[Collected data]
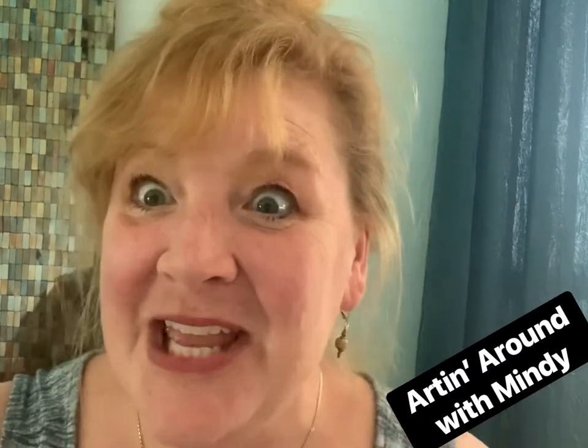Hi guys, it's Mindy. Thanks for being here today. Today I am going to show you how to do a very simple lime-based mortar wash for your fireplace.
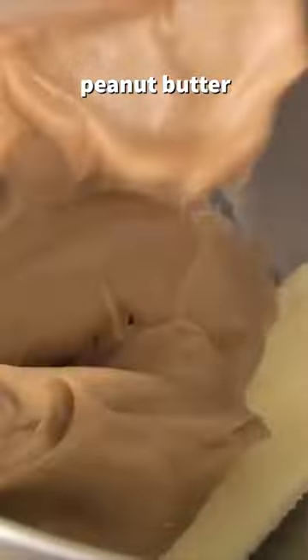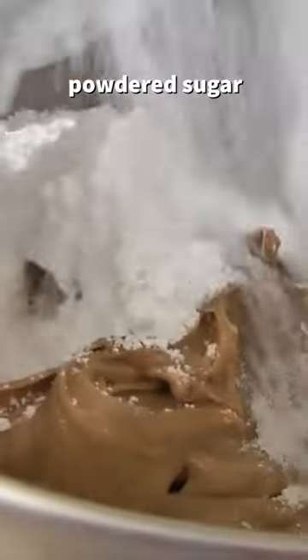Line a baking sheet with wax paper. In a mixing bowl add butter, peanut butter, vanilla, and powdered sugar and mix together.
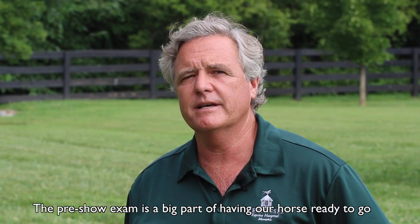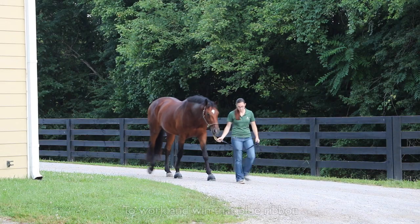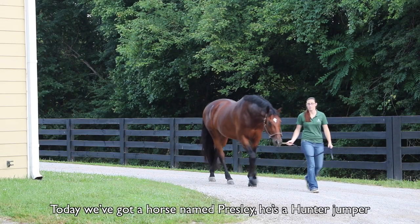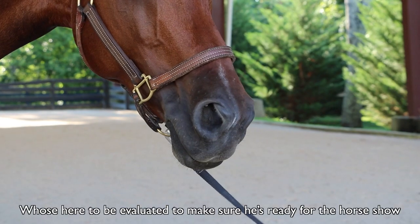The pre-show exam is a big part of having our horse ready to go to work and win that blue ribbon. Today we've got a horse named Presley. He's a hunter jumper who's here to be evaluated to make sure he's ready for the horse show.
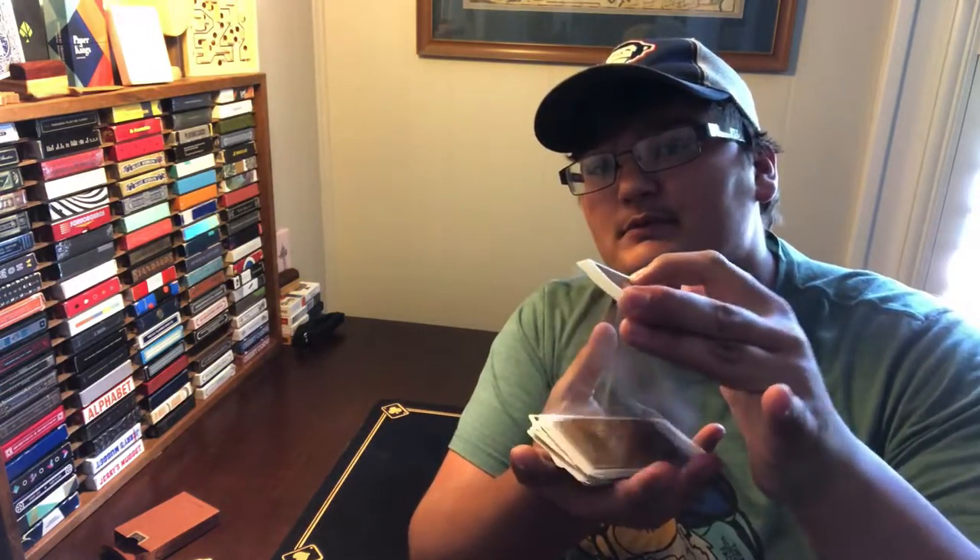What's up guys, it's the Wooden Cardist here with another video, and today I'm going to be teaching you how to do a simple dribble. So grab your favorite deck of cards and let's get into it.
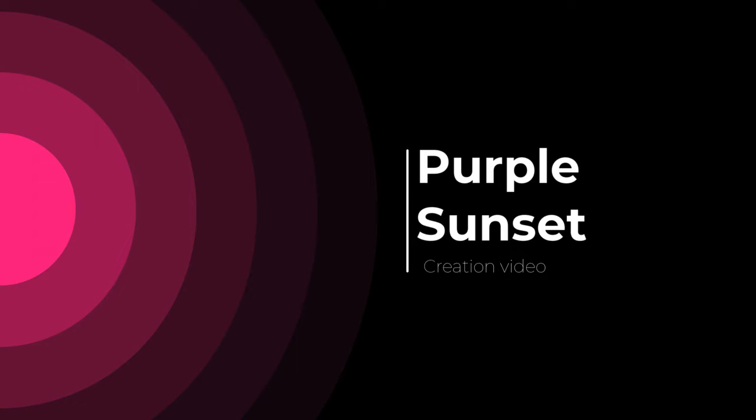Hi everyone, how are you doing today? I'm Pat Fate. Today I'm showing you how I created Purple Sunset. I decided to practice doing a funnel pour on an 8x8 panel.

• **PROBLEM**
Omitting the images, transcribe every record exactly.

• **RESULT BELOW**
Hi guys, it's Mindy. Thanks for being here today. Today I am going to show you how to do a very simple lime-based mortar wash for your fireplace.
Line a baking sheet with wax paper. In a mixing bowl add butter, peanut butter, vanilla, and powdered sugar and mix together.
The pre-show exam is a big part of having our horse ready to go to work and win that blue ribbon. Today we've got a horse named Presley. He's a hunter jumper who's here to be evaluated to make sure he's ready for the horse show.
What's up guys, it's the Wooden Cardist here with another video, and today I'm going to be teaching you how to do a simple dribble. So grab your favorite deck of cards and let's get into it.
Hi everyone, how are you doing today? I'm Pat Fate. Today I'm showing you how I created Purple Sunset. I decided to practice doing a funnel pour on an 8x8 panel.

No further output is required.